Le calcul d’une position en fonction de 3 distances est l’un des problèmes les plus classiques de la géolocalisation, de la robotique mobile, des réseaux de capteurs, de l’instrumentation indoor et de la navigation assistée. En français, on parle souvent de trilatération. Le principe est simple à énoncer : si vous connaissez la distance entre une cible inconnue et trois points de référence dont les coordonnées sont connues, vous pouvez estimer la position de cette cible. En pratique, ce problème est très souvent traité dans MATLAB car l’environnement permet de manipuler facilement les matrices, de visualiser les géométries de mesure et d’appliquer des méthodes numériques robustes.

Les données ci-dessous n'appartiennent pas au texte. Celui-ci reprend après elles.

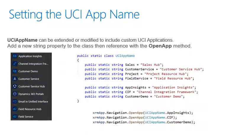The UCI app name class is used to determine which UCI application we will be navigating to. This can be extended to include custom UCI applications or modified. As you see at the bottom, it's used with the open app method.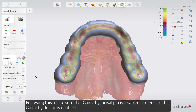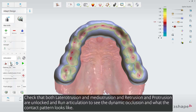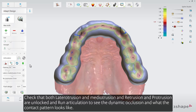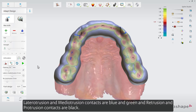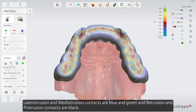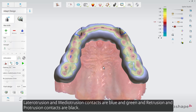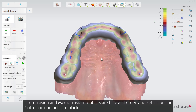Following this, make sure that guide by incisal pin is disabled and ensure that guide by design is enabled. Check that both lateral protrusion and mediotrusion and retrusion and protrusion are unlocked, and run articulation to see the dynamic occlusion and what the contact patterns look like. Lateral protrusion and mediotrusion contacts are blue and green, and retrusion and protrusion contacts are black.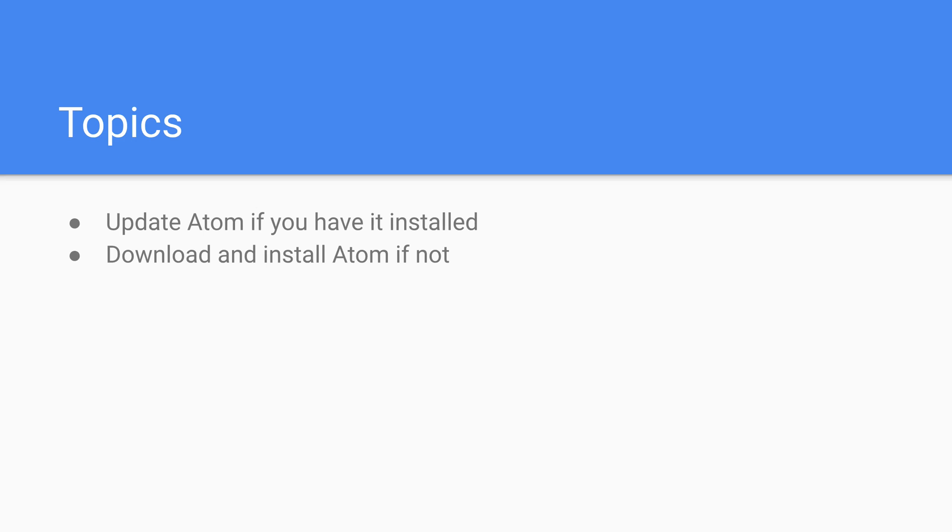I should preface this by saying Atom is just one IDE of many out there that will allow you to run and write JavaScript code. If you really don't want to use an IDE like Atom, that's fine. You can actually ignore this, and you can just move on to the next section, and that way you can just run things through terminal and a simple text editor.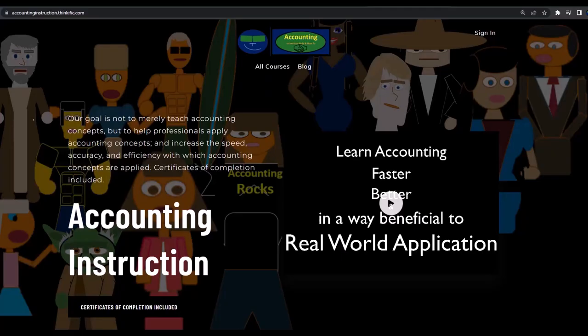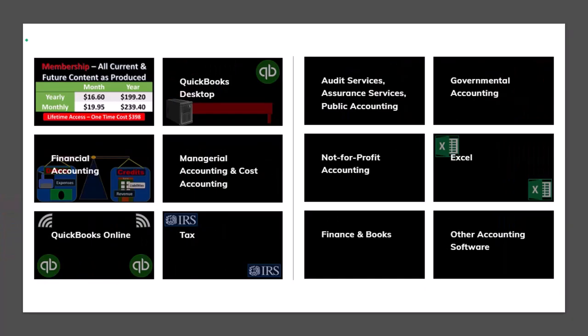If you would like a commercial-free experience, consider subscribing to our website at accountinginstruction.com or accountinginstruction.thinkific.com, where we have many different courses you can purchase one at a time or via a subscription model giving you access to all courses. The courses are well organized, have other resources like Excel files and PDF files to download, and no commercials.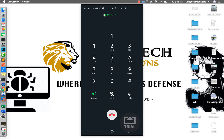Hello Praveen, this is an automated call from my AEE bank. This call is regarding a purchase of 1,399 rupees. If you want to authorize this transaction, press 1. If you haven't made this transaction, please press 2.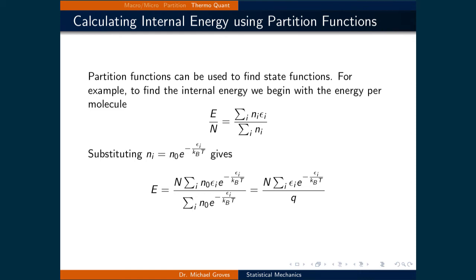Partition functions can be used to find state functions. For example, to find the internal energy, we begin with the energy per molecule, being E over N, and that's equal to the sum over i of n_i times e_i divided by the sum over i of n_i.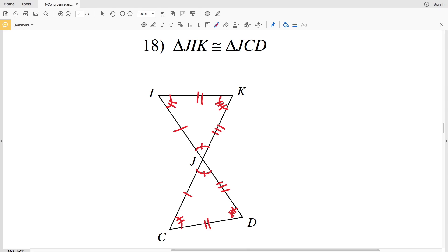With that answer we wrap up our triangles and congruence worksheet. Hopefully you've already clicked that subscribe button, but if you haven't, here's a friendly reminder. If you have any questions, leave them in the comment section below and I'll get back to you as soon as I can, or just leave me a note letting me know you found this video helpful.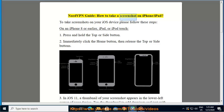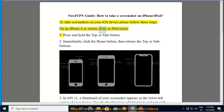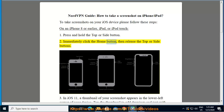NordVPN guide: how to take a screenshot on iPhone or iPad. To take screenshots on your iOS device, follow these steps. On an iPhone 8 or earlier, iPad, or iPod touch: 1) press and hold the top or side button, then 2) immediately click the home button, then release the top or side button.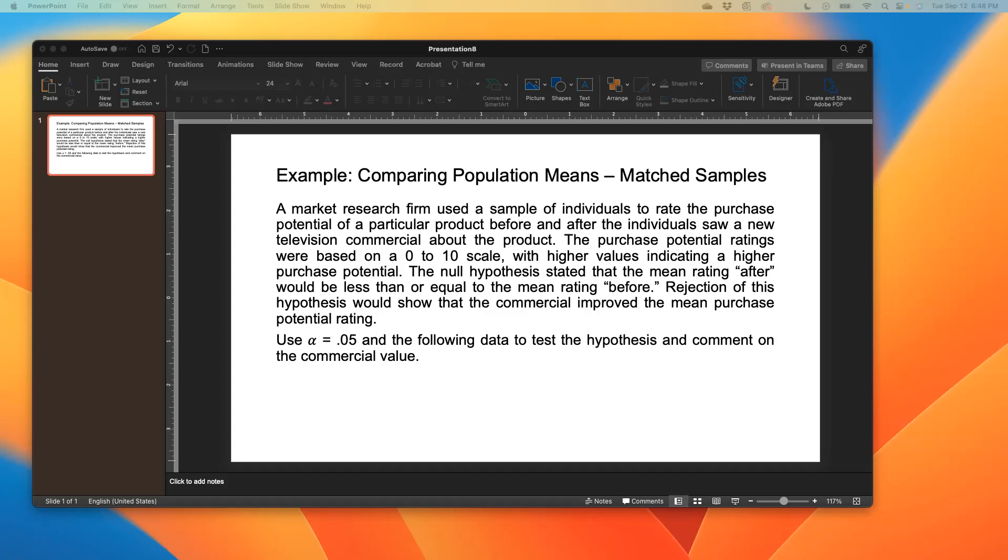The example says a market research firm used a sample of individuals to rate the purchase potential of a particular product before and after the individual saw a new TV commercial about the product. We have a group of people and we're trying to assess or basically rate their purchase potential to see if they would buy a product before seeing a commercial on that product or if they would buy the product after seeing the commercial.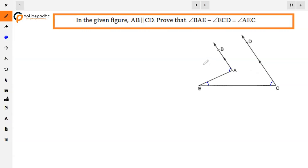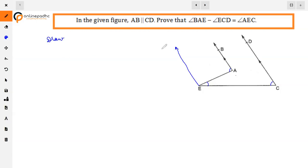Since AB and CD are both parallel, we will draw a construction line from point E. We draw EF parallel to AB, and also parallel to CD. So, EF is parallel to both AB and CD — this is our construction.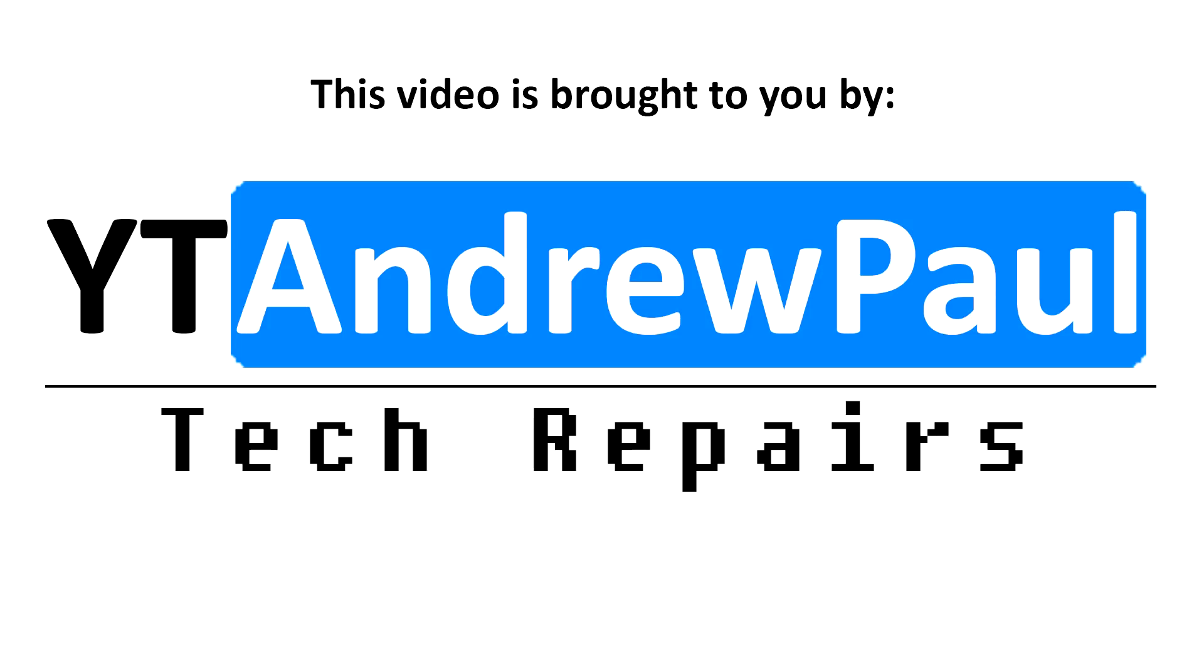This video is brought to you by YT Andrew Paul Tech Repairs. If you have a console, laptop, computer, or Macbook in need of repair in the UK or the EU, then have a look in the description below this video for details on how to contact us in order to organize your repair.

Dans un plan 2D, chaque distance définit un cercle. Si le point A a pour coordonnées (x1, y1) et si la distance mesurée entre la cible et A vaut d1, alors la cible se trouve quelque part sur le cercle de centre A et de rayon d1. Avec un deuxième point B, vous obtenez un second cercle. Les deux cercles se coupent généralement en deux points. C’est le troisième point C, avec sa distance d3, qui sert à lever l’ambiguïté et à déterminer la position la plus probable. Lorsque les mesures sont parfaites, les trois cercles se croisent au même endroit. Lorsque les mesures sont bruitées, ce qui arrive presque toujours dans le monde réel, les cercles ne se coupent pas exactement et l’on recherche alors une solution qui minimise l’erreur globale.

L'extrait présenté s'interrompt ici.